Start of Exercise data

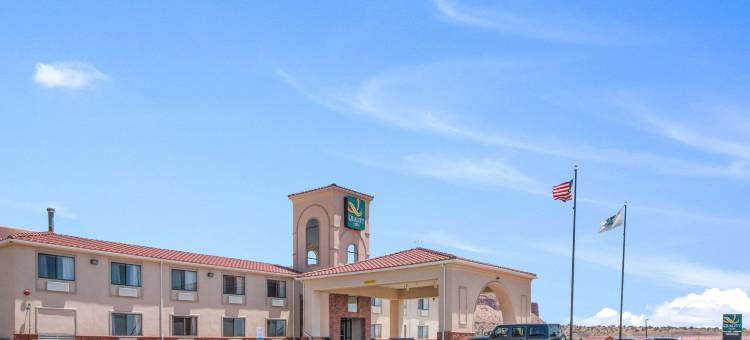 品质酒店卡纳巴国家公园区(Quality Inn Kanab National Park Area)图片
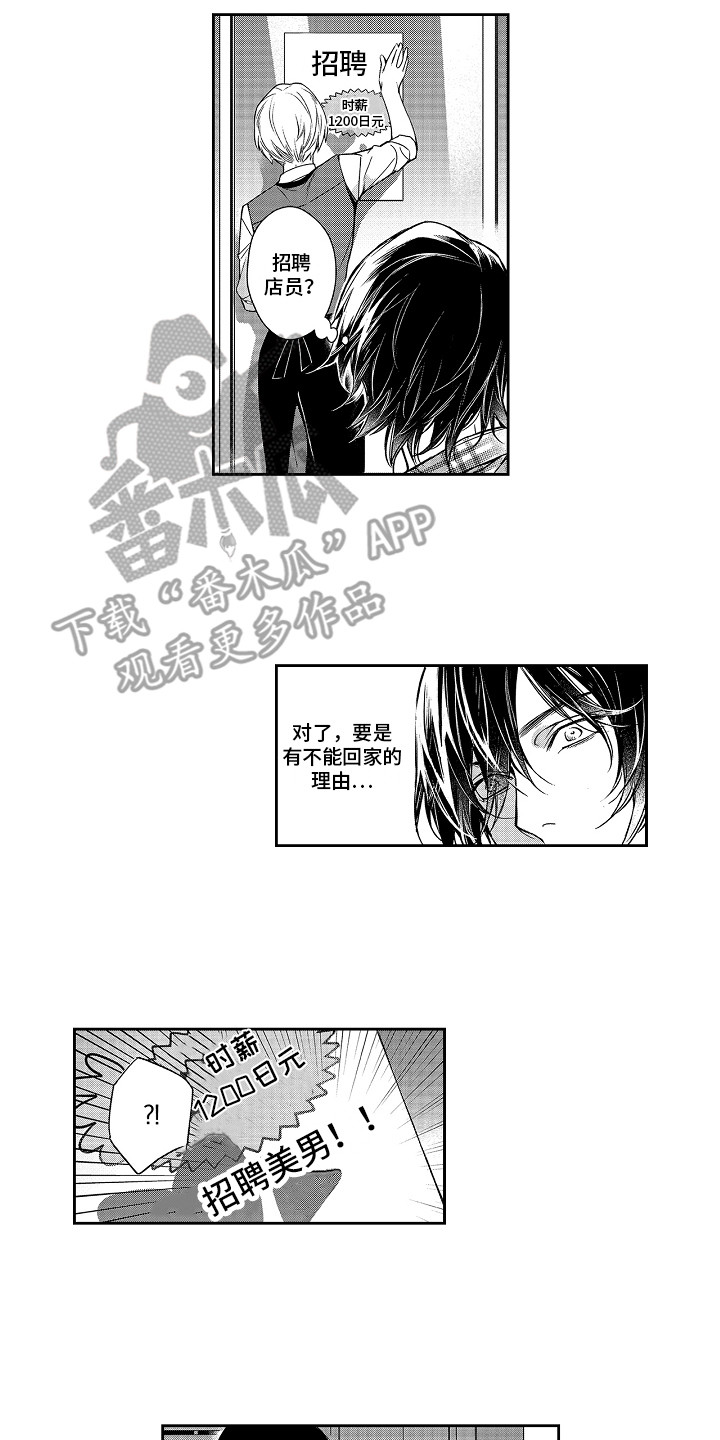 第4章：搬到隔壁11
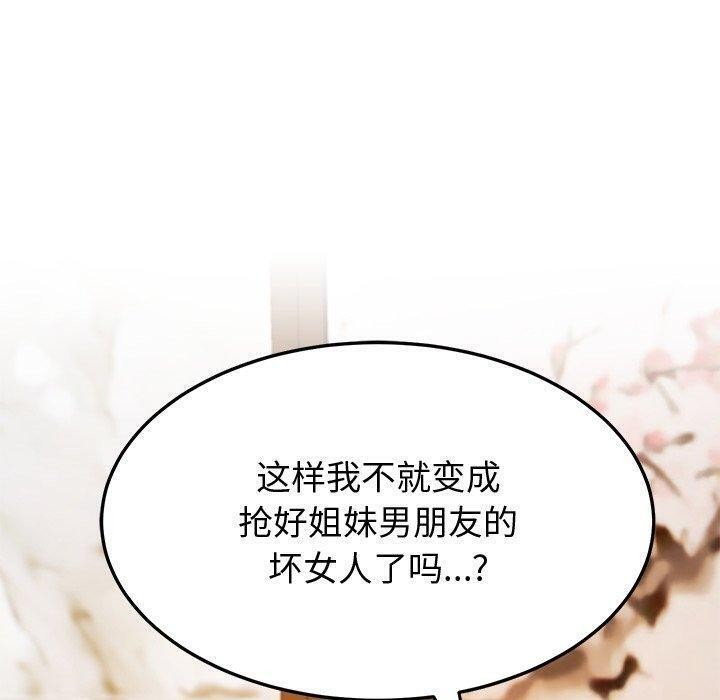 《后宫之王》漫画 第15話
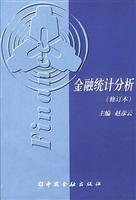 金融统计分析(修订本)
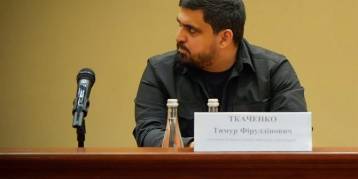 последние новости в Украине останні новини в Україні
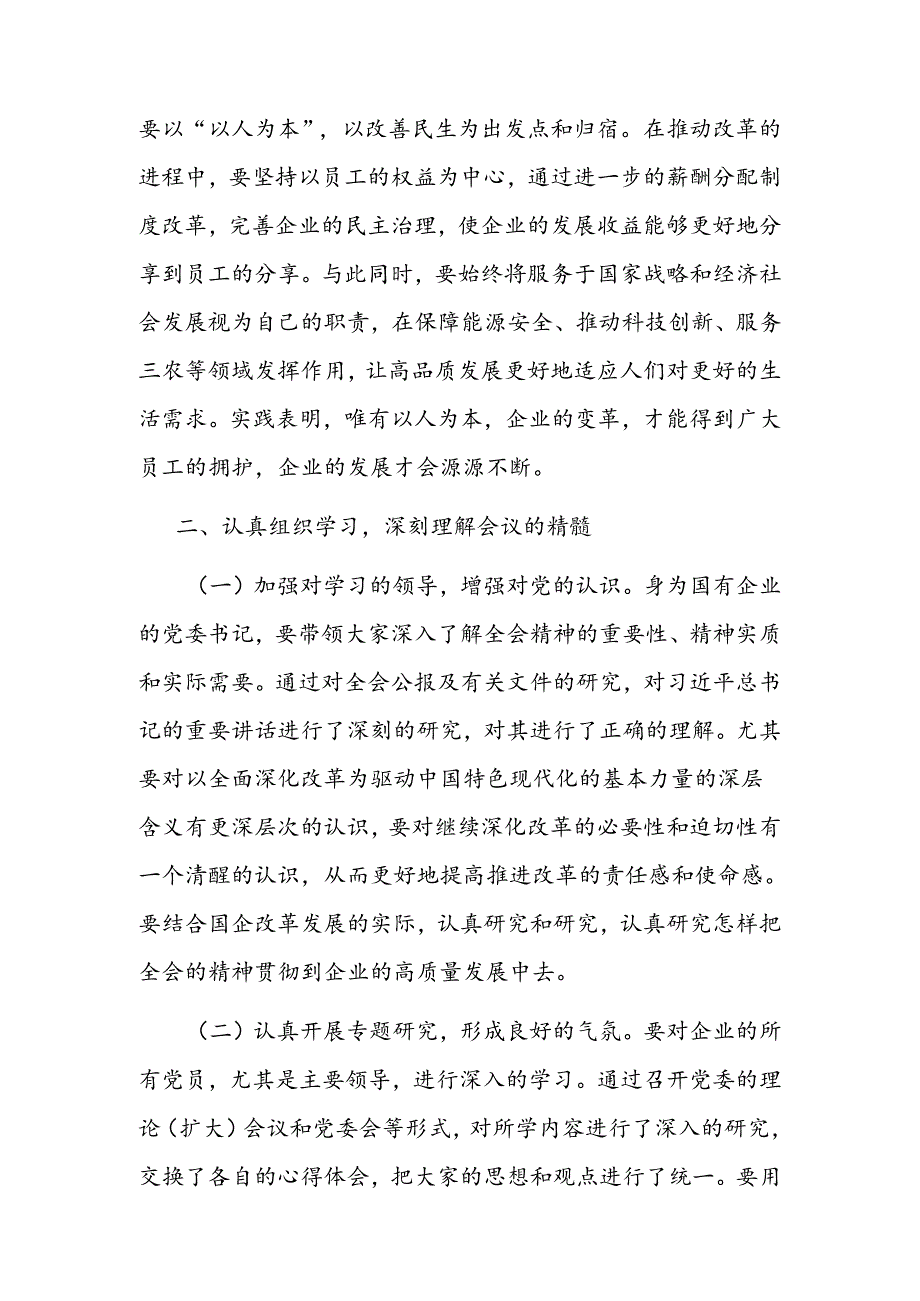 市委书记学习贯彻二十三中全会精神研讨发言.docx_第3页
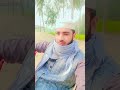 আমার জন্য সবাই দোয়া করবেন #vairalvideo #vairal #shotsvideo
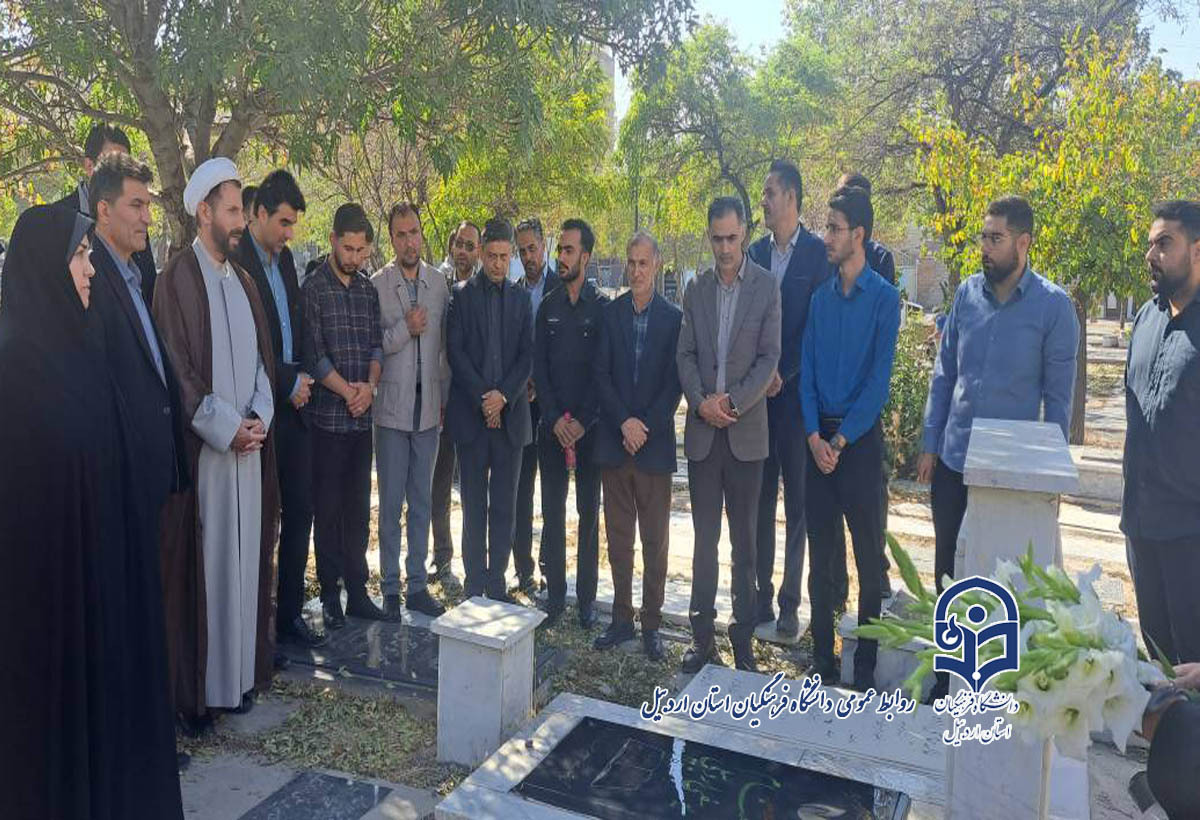 آیین غبارروبی و عطر افشانی مزار شهدا به مناسبت هفته دفاع مقدس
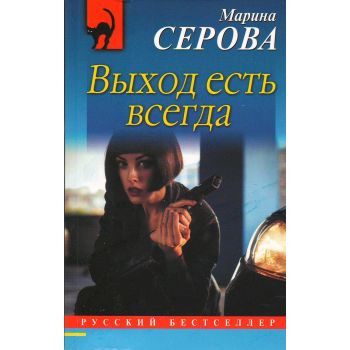 Выход есть всегда. “Русский бестселлер“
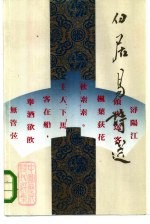 白居易诗选 中国历代诗人选集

End of Exercise data

Task prompt => Give the records a second time exactly, keeping the images out.

Answer =>
 品质酒店卡纳巴国家公园区(Quality Inn Kanab National Park Area)图片
 第4章：搬到隔壁11
 《后宫之王》漫画 第15話
 金融统计分析(修订本)
 последние новости в Украине останні новини в Україні
 市委书记学习贯彻二十三中全会精神研讨发言.docx_第3页
 আমার জন্য সবাই দোয়া করবেন #vairalvideo #vairal #shotsvideo
 آیین غبارروبی و عطر افشانی مزار شهدا به مناسبت هفته دفاع مقدس
 Выход есть всегда. “Русский бестселлер“
 白居易诗选 中国历代诗人选集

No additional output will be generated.